A Auxerre, en 16 ans nationaux, le directeur de la formation de l’époque, Francis de Taddeo, est entré dans le vestiaire, a demandé au coach de sortir, et là, il nous a très très mal parlés, à chacun de nous, il nous a pris un par un, il avait utilisé des noms d’oiseaux… J’en rigole aujourd’hui.

Le joueur le plus connu de ton répertoire ?
Yaya Sanogo.

Pas Bobo Baldé ?
Ah ah lui c’est mon frère, c’est le plus connu des Baldé !

Combien de véritables amis dans le foot ?
Six je pense.

As-u des rituels, des tocs avant un match ?
Oui, déjà quand je rentre sur la pelouse, je m’arrête, je ne rentre pas complètement, je touche la pelouse, puis après j’y vais, et aussi, je ne sors jamais mes protèges tibias de mon sac, je le fais juste à la fin, quand l’arbitre arrive. Et je mets un petite musique.

Une devise ?
Je dis souvent « le patient et le travailleur sont toujours récompensés ».
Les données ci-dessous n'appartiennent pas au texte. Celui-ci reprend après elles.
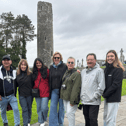 Journalists from Australia and New Zealand at Clonmacnoise, with Aoife Costello, Tourism Ireland (right)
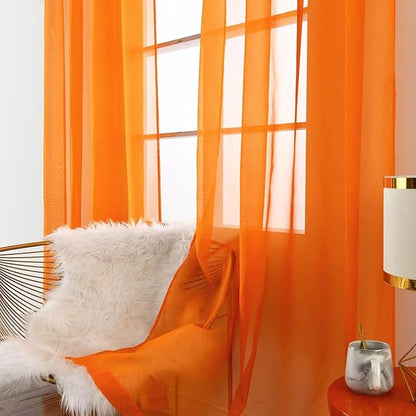 SpaceDresser Orange Sheer Curtains 4 Panels Rod Pocket Semi-Sheer Curtain 63 - Image 4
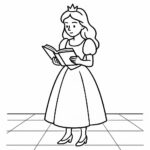 Page à colorier d&rsquo;une demoiselle royale, héroïne courageuse lisant un ancien livre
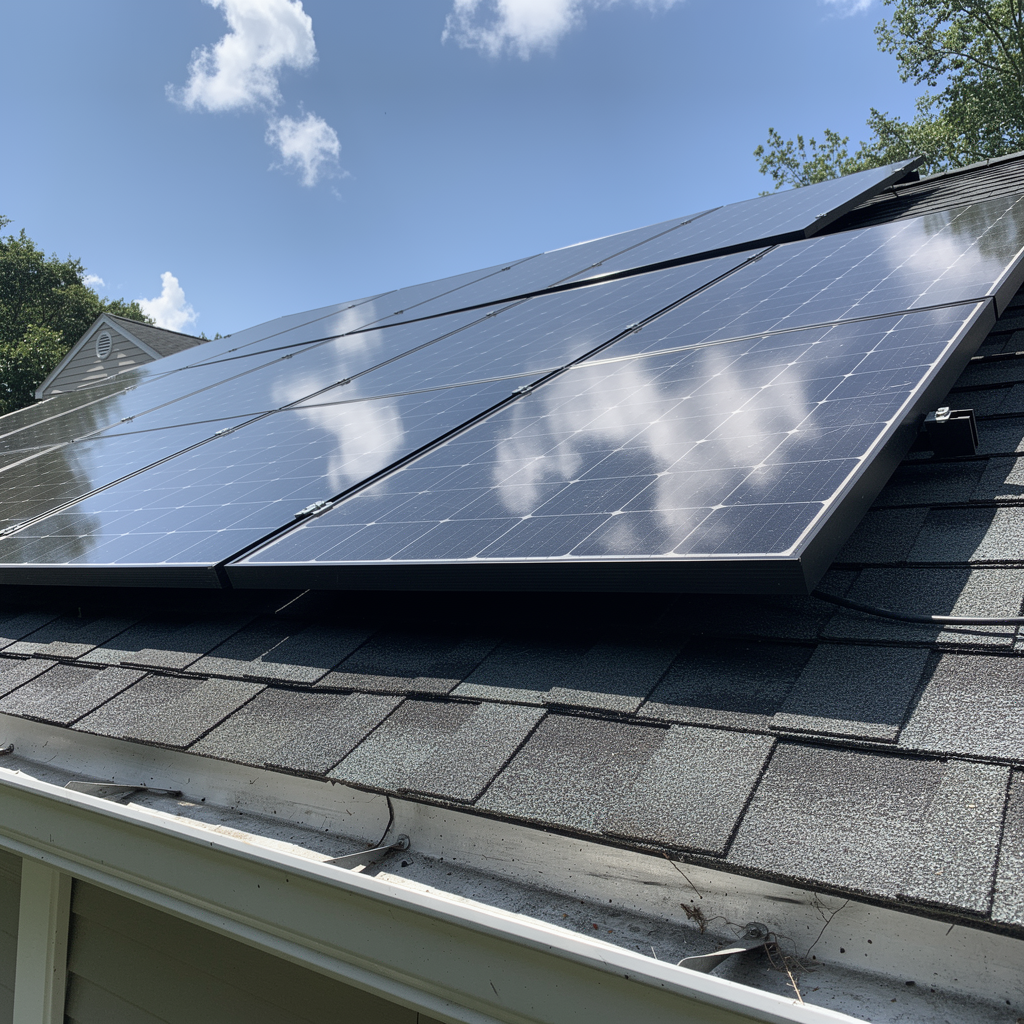 Crystal clear solar panels after deionized water cleaning in North Haven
Sous le maillot de Cholet, en mai 2021. Photo Philippe Le Brech

Un chiffre (signification) ?
Le 12. Car je suis né le 12 janvier.

Pourquoi y a-t-il un 6 à ton adresse mail alors ?
Parce qu’à l’époque, mon frère jouait au Celtic Glasgow et portait le 6, et comme je voulais suivre son exemple…

Un plat, une boisson ?
Le couscous de ma maman et le bissap (boisson traditionnelle sénégalaise).
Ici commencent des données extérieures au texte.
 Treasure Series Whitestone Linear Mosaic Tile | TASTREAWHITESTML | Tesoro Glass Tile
Termine la phrase en un mot ou deux : tu es un défenseur plutôt …
Costaud.

Un match de légende pour toi ?
Milan AC – Liverpool, finale de Ligue des Champions 2005 à Istanbul.

Un modèle de défenseur ?
Virgil van Dijk (Liverpool).

Une idole de jeunesse ?
Thierry Henry.

Ta plus grande fierté ?
Ma fille.

Tes passions en dehors du foot ?
Cinéma, la play-station, j’aime bien les jeux de société, partager des choses en famille.

Si tu n’avais pas été footballeur, qu’aurais-tu aimé faire ?
Footballeur !

Le milieu du foot, en deux mots ?
Il peut être fantastique et horrible à la fois.